• _Task to carry out_
Go through the data below and return each line containing the word "Photo".

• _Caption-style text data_
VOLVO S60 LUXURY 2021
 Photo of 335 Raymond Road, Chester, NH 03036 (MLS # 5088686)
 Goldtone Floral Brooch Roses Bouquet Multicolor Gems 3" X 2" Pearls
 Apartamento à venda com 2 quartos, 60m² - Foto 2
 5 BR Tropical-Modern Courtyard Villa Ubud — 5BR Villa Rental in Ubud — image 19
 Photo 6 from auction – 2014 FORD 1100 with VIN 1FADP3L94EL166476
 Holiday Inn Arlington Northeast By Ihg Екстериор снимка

• _Result_
 Photo of 335 Raymond Road, Chester, NH 03036 (MLS # 5088686)
 Photo 6 from auction – 2014 FORD 1100 with VIN 1FADP3L94EL166476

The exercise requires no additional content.